354 calories per serving


Meatball ingredients

  • 1 lb lean ground beef
  • 1/2 cup panko breadcrumbs
  • 1/2 ts minced garlic
  • 1/2 ts dried minced onion
  • 1/2 ts salt
  • 1/4 ts pepper
  • 1/4 ts crushed red pepper
  • 1 Tb soy sauce
  • 1 egg, beaten

Sauce ingredients

  • 3/4 cup chicken broth (I use reduced sodium)
  • 1/4 cup soy sauce (I use reduced sodium)
  • 3 Tb dark brown sugar
  • 2 ts sriracha sauce
  • 1 ts sesame oil
  • 1/4 ts salt
  • 2 ts minced garlic
  • 1/4 cup water
  • 1 Tb cornstarch
  • 1 green onion, sliced
  • 1 ts vegetable or canola oil


1. Preheat oven to 350 degrees.  Line a large sheet pan with parchment paper.

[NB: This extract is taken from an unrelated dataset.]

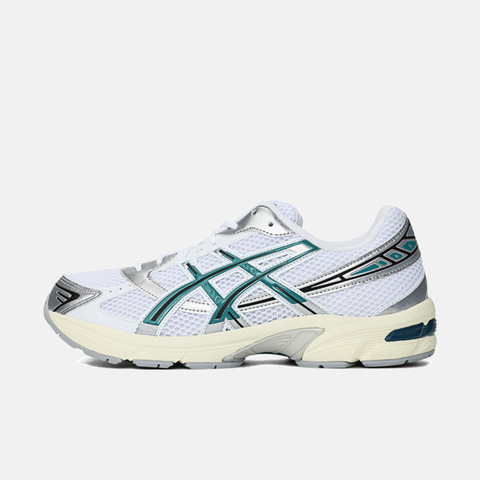 Asics亚瑟士2025中性GEL-1130AT1203A609-100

2. Crumble ground beef into a large bowl.  Add all of the remaining meatball ingredients and mix well (mixing with your hands works best).  Form into meatballs and place onto sheet pan.  Bake in oven for 25-30 minutes.

3. While meatballs are baking, prepare the sauce.  Heat the vegetable or canola oil in a small saucepan.  Add the garlic and cook until the garlic is fragrant, about 30 seconds.  Add the chicken broth, soy sauce, sesame oil, sriracha, and dark brown sugar. Stir in the salt.  In a small bowl, stir the cornstarch into 1/4 cup cold water.  Add to the sauce mixture.  Cook over medium-high heat, stirring frequently, until sauce thickens, about 5-7 minutes.  Turn the heat off and stir in the green onions.

4. When the meatballs have finished baking, transfer them to a large bowl.  Pour the sauce over the meatballs.  Serve with white rice, fried rice, or rice pilaf.